**WHAT YOU NEED TO DO**: Restate the data word for word and leave the images out.

**SUPPLIED INFORMATION**:
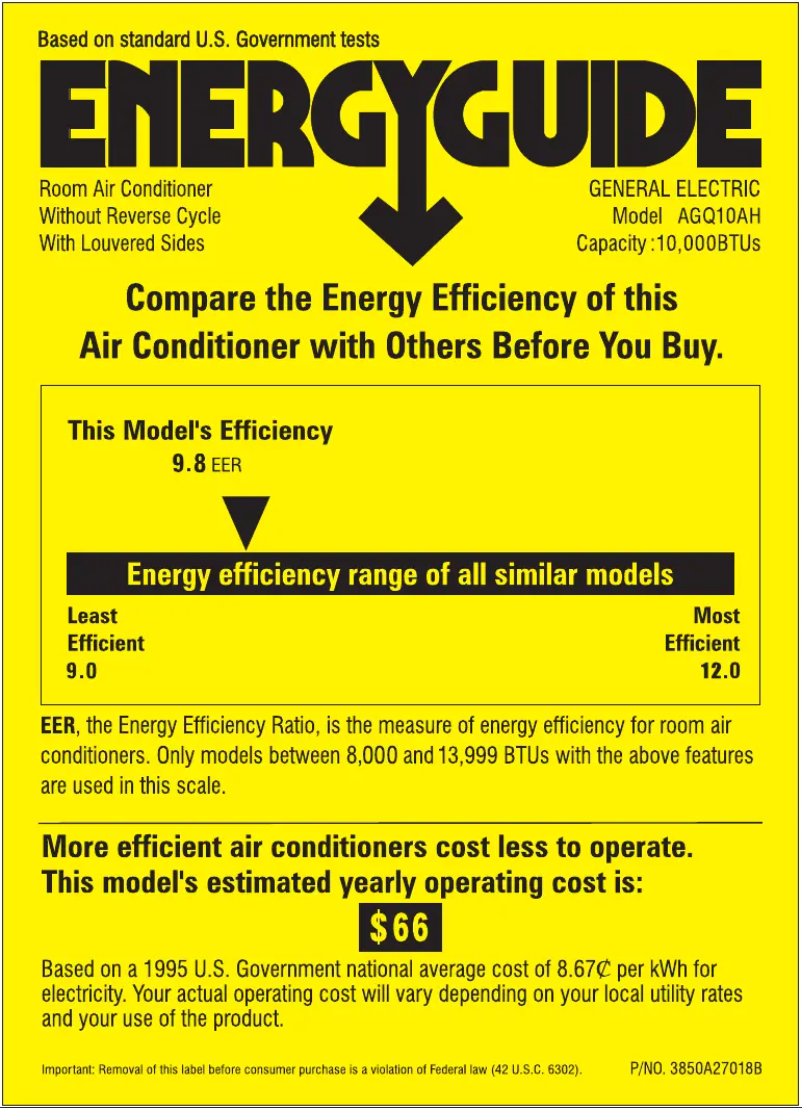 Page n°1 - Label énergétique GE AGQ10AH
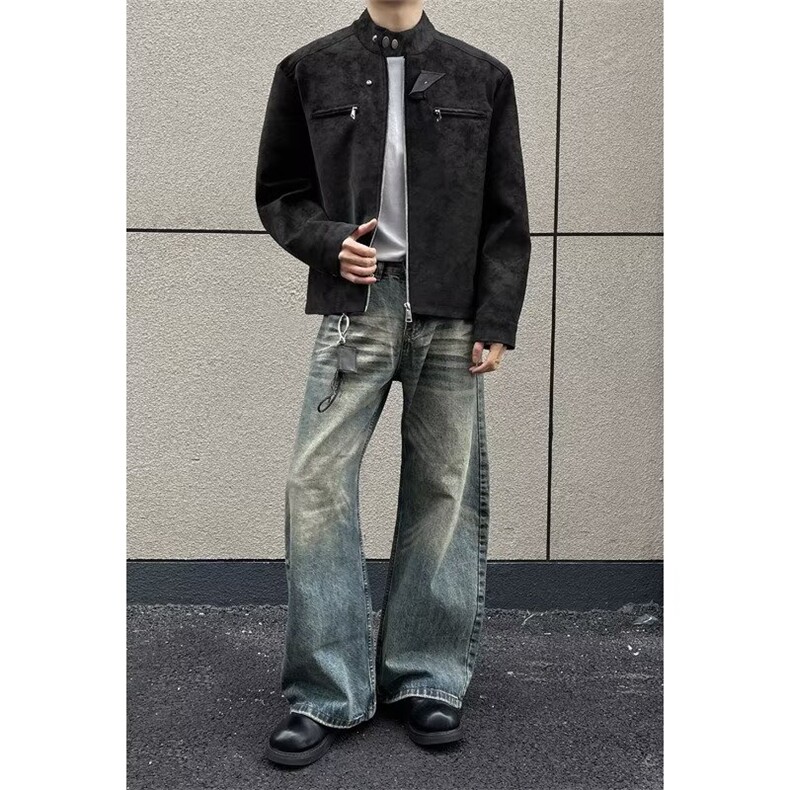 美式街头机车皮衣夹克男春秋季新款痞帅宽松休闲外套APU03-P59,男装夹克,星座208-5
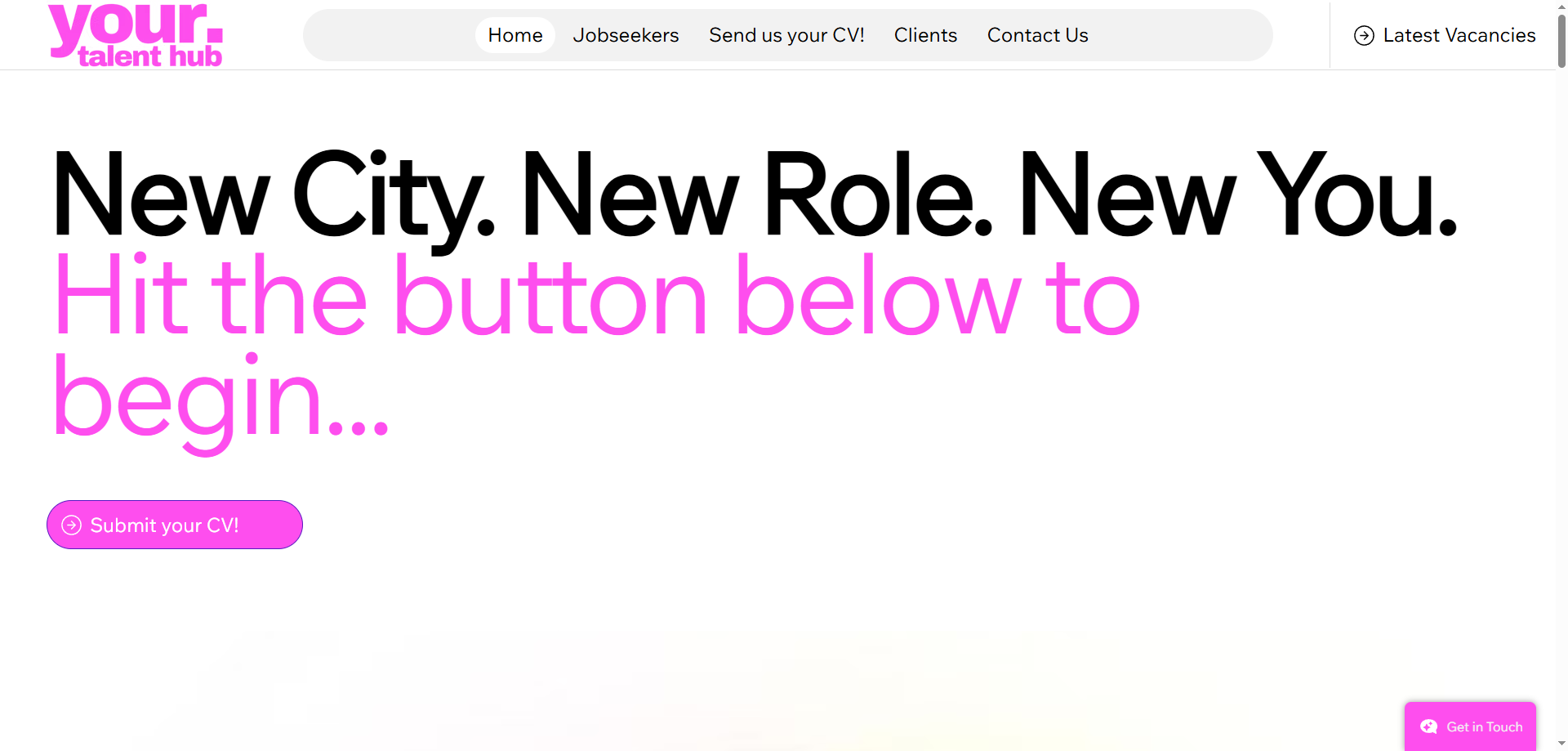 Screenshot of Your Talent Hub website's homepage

**THE ANSWER**:
 Page n°1 - Label énergétique GE AGQ10AH
 美式街头机车皮衣夹克男春秋季新款痞帅宽松休闲外套APU03-P59,男装夹克,星座208-5
 Screenshot of Your Talent Hub website's homepage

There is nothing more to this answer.